I personally know about 9 families who adopted. I was friends with the adopted children of 7 of those. Three of my college professors adopted children. One of my computer science professors adopted two Chinese baby girls. I was close friends with a dude who was adopted by two professors from Springhill. My cousin is fostering a young boy who was taken out of his home after the father broke the kid's arm. He was only 2 years old. The father is an abusive drunk with a criminal record a mile long. My cousin is Christian, but pro-choice. I guess blame that on being from Connecticut.  

I am not going to be a douchebag and say something stupid like: "everyone I know who adopts children are pro-choice, therefor only pro-choice couples adopt". However, I will say that the people who are the most vocal about their beliefs about abortion are the ones who have done the least to help the problem. It is so selfish, and you should be ashamed.  

If you bitch about entitlement spending to take care of the healthcare needs of low income children, then shut the fuck up about abortion. If you haven't given a home to a child who desperately needs one, then shut the fuck about about abortion. If you have adopted a child, then you can say whatever the fuck you want, because you have earned that right by taking ownership and responsibility of a problem rather than just talking out of your ass. 

Not one fucking sanctimonious pro-lifer on this board has adopted a child. You bunch of opinionated egotistical cock suckers.


----------



## bio-chem (Mar 14, 2013)

KelJu said:


> I personally know about 9 families who adopted. I was friends with the adopted children of 7 of those. Three of my college professors adopted children. One of my computer science professors adopted two Chinese baby girls. I was close friends with a dude who was adopted by two professors from Springhill.

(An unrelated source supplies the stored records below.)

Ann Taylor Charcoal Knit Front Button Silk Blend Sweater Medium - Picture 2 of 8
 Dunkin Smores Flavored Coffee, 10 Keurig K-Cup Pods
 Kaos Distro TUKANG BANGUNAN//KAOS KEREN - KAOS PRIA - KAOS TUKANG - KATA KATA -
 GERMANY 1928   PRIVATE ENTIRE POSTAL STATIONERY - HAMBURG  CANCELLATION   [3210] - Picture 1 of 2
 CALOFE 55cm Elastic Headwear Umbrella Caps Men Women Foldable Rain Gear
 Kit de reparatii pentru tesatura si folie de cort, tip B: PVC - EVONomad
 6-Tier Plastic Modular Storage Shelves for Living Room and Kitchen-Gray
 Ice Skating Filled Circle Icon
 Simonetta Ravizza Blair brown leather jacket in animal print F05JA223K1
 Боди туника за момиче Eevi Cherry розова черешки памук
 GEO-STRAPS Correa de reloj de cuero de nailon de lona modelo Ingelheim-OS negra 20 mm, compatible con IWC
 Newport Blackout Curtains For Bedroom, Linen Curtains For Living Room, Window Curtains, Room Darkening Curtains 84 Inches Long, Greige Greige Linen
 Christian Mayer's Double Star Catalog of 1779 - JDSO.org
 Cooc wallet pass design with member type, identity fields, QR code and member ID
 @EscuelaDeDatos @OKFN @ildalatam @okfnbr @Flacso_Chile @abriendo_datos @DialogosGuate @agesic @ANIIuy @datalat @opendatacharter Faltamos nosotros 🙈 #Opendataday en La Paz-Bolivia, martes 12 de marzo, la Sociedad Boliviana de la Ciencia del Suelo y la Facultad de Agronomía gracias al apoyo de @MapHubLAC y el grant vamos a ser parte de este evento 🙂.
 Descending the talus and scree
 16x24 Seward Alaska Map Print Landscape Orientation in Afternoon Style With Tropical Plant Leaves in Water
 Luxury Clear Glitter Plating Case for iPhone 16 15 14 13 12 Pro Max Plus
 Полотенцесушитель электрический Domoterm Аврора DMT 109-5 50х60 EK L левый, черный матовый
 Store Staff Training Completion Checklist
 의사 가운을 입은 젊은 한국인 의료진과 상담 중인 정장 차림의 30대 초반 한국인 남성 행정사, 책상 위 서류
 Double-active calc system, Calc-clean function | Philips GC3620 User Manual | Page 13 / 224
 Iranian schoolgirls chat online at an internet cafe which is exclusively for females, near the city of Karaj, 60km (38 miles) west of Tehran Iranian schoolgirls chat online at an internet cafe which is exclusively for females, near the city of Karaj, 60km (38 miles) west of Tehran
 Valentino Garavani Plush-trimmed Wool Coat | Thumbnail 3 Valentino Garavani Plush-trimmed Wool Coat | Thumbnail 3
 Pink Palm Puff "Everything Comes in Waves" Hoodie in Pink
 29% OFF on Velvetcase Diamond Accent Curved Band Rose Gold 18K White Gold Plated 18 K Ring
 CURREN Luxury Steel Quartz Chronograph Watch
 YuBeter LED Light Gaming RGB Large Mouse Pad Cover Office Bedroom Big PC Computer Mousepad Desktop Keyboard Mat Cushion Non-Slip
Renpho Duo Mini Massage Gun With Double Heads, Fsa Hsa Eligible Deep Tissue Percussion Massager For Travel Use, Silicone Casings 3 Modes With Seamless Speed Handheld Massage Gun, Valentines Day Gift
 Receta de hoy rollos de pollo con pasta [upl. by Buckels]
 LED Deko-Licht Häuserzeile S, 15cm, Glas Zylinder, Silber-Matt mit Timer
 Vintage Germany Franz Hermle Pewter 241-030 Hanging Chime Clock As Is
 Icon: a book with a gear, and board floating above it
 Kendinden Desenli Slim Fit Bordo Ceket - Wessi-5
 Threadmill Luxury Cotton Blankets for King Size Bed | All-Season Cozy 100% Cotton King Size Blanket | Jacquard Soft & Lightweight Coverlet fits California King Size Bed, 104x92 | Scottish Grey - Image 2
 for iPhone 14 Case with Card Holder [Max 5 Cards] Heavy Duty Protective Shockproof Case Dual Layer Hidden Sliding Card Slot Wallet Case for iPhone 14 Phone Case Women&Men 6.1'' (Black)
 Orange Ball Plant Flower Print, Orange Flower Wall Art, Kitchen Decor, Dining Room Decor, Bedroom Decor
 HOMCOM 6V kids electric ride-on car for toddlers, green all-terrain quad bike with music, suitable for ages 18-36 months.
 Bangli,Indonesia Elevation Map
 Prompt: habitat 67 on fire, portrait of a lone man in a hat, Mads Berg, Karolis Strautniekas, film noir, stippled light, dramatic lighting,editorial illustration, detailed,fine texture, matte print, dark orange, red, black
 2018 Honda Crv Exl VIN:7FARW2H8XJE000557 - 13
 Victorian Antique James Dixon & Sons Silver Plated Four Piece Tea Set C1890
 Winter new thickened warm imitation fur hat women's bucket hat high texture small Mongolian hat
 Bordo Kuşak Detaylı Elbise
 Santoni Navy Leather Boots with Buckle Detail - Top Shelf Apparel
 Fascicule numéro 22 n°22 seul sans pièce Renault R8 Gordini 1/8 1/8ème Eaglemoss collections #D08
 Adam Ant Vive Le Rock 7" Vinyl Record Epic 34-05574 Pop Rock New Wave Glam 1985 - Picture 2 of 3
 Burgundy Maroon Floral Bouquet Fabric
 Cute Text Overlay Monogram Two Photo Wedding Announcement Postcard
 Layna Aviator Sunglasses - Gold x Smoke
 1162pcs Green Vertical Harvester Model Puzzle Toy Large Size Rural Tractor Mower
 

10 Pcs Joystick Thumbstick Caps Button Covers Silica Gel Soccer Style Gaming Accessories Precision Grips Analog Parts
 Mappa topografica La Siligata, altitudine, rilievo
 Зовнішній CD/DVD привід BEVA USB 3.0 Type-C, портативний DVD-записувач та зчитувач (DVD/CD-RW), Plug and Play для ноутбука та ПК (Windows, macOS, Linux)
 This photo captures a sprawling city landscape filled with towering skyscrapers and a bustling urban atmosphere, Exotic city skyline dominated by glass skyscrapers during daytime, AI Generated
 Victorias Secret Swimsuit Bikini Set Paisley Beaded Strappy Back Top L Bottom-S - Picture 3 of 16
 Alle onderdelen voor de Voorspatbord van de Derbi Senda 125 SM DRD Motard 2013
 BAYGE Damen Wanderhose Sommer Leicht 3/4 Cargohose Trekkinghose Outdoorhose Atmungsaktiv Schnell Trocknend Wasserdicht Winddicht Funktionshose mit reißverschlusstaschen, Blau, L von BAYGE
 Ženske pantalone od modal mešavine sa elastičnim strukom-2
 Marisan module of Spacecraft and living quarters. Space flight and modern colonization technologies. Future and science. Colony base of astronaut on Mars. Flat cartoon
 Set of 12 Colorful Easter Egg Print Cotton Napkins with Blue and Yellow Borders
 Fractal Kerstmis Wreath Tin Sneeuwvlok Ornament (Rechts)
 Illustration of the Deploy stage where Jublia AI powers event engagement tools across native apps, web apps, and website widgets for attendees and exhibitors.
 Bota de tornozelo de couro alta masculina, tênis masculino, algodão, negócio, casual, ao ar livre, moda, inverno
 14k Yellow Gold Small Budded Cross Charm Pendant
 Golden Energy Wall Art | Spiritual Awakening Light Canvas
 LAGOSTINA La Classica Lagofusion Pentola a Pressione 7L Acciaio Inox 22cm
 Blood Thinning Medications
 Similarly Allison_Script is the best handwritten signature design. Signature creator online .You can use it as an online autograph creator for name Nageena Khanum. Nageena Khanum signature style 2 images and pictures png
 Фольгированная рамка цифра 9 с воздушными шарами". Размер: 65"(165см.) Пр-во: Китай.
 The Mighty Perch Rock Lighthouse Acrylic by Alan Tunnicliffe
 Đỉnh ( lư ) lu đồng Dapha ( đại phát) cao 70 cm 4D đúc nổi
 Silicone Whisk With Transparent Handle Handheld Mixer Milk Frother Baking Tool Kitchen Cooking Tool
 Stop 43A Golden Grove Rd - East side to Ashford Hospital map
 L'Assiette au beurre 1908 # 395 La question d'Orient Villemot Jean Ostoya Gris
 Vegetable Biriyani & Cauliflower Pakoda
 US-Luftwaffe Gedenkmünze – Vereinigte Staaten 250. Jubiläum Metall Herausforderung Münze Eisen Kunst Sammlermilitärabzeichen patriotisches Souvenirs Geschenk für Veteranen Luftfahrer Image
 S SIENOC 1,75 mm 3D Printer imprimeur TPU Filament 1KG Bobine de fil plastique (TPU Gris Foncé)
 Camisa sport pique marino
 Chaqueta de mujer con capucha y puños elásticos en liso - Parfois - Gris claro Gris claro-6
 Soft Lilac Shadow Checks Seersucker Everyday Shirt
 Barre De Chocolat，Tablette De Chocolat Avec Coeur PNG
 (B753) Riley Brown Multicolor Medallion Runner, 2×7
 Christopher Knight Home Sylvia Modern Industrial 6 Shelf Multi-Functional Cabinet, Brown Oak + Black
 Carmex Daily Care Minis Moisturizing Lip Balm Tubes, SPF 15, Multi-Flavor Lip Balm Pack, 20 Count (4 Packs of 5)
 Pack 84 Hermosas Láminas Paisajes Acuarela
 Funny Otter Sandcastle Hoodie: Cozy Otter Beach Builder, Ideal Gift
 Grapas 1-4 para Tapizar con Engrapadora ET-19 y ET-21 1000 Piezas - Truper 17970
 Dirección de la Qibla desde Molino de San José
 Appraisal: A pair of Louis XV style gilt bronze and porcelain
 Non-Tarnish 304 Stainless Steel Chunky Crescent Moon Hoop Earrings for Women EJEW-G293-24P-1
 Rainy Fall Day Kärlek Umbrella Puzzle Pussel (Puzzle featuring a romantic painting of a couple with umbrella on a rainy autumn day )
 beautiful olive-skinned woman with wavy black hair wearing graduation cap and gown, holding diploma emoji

My cousin is fostering a young boy who was taken out of his home after the father broke the kid's arm. He was only 2 years old. The father is an abusive drunk with a criminal record a mile long. My cousin is Christian, but pro-choice. I guess blame that on being from Connecticut.
> 
> I am not going to be a douchebag and say something stupid like: "everyone I know who adopts children are pro-choice, therefor only pro-choice couples adopt". However, I will say that the people who are the most vocal about their beliefs about abortion are the ones who have done the least to help the problem. It is so selfish, and you should be ashamed.
> 
> ...



you are way the fuck out of line here. For every story you have I can match you one for one. So fuck off. Im unmarried, so i'm not making babies, and i'm not adopting.  I have every intention of adoption over having my own kids, but i'm smart enough to get married first.


----------



## KelJu (Mar 15, 2013)

I'll own up to that. I was in a dickhead mood all day yesterday and was out of line for being rude and obnoxious. But, what I said is true. 

The anger comes from the insinuation that people who are pro-choice are that way because they do not want to be responsible. In reality, it is the opposite. People are trying to solve a problem. The problem is that children are brought into the would without a supportive family to nurture and prepare them for life. Those children grow up fucked up and end up having fucked up children of their own who then have fucked up children, and on, and so on.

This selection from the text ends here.